• [GIVEN DATA]:
*** Block opens ***
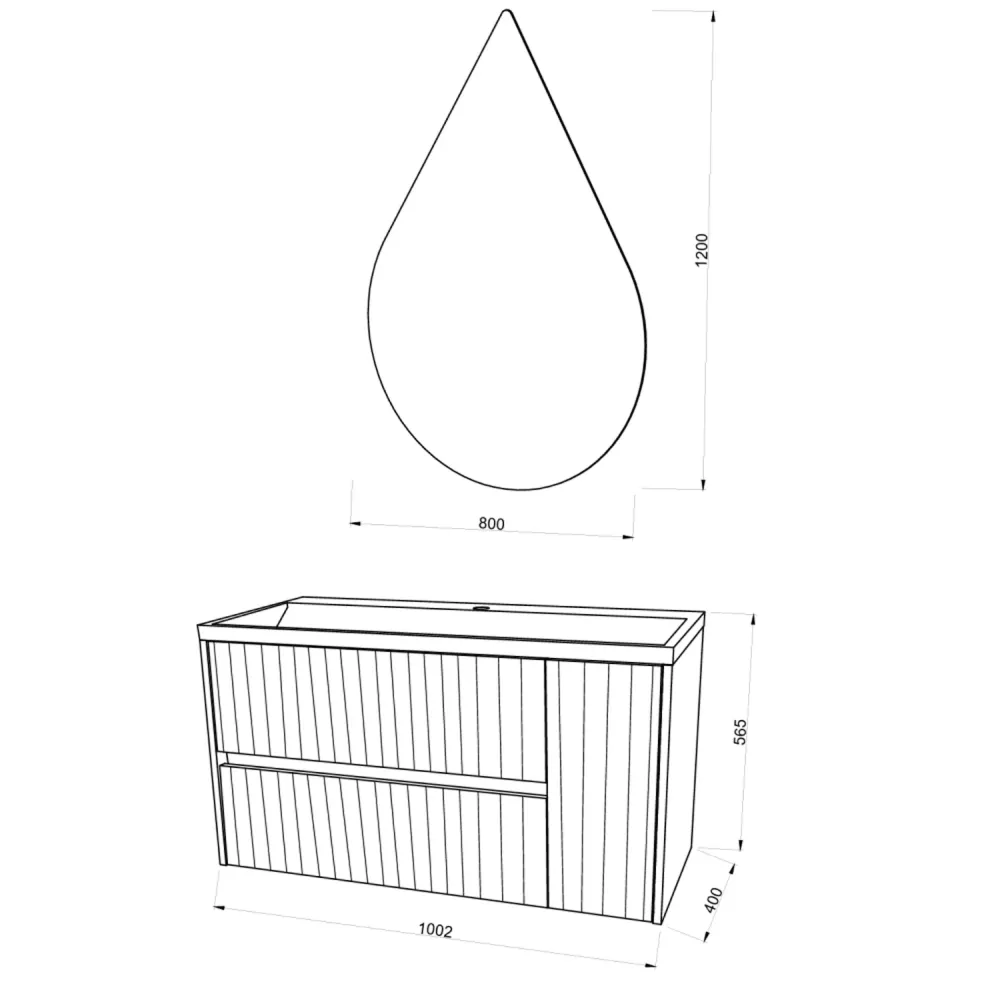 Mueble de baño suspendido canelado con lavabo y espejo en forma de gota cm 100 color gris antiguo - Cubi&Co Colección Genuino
*** Block closes ***
*** Block opens ***
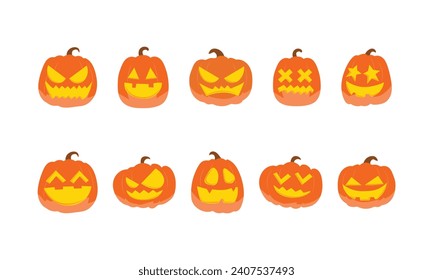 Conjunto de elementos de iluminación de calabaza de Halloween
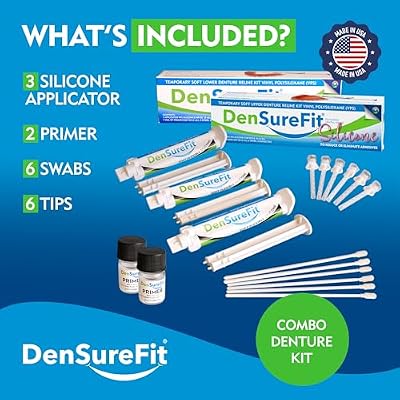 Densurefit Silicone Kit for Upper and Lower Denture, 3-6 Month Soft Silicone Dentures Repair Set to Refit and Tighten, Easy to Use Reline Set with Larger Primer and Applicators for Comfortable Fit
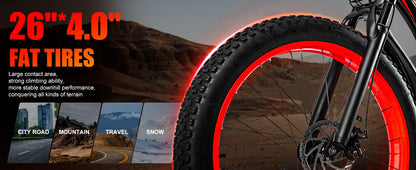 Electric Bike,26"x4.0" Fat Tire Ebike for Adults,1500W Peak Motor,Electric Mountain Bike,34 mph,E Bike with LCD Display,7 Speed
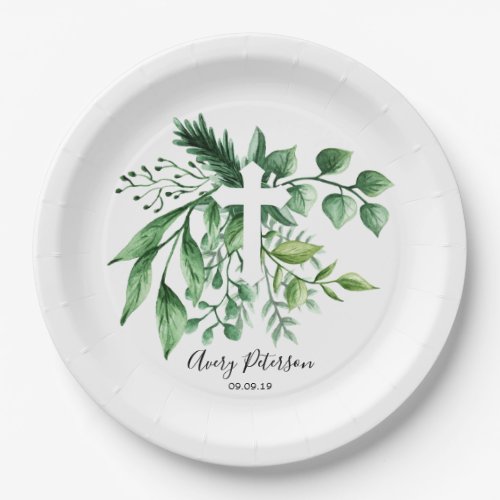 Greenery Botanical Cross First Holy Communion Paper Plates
*** Block closes ***
• [PROBLEM STATEMENT]: Drop the pictures; return the lines above from the line containing "LCD Display,7 Speed" to the line containing "Greenery Botanical Cross", both included, exactly.

• [EXERCISE RESULT]:
 Electric Bike,26"x4.0" Fat Tire Ebike for Adults,1500W Peak Motor,Electric Mountain Bike,34 mph,E Bike with LCD Display,7 Speed
 Greenery Botanical Cross First Holy Communion Paper Plates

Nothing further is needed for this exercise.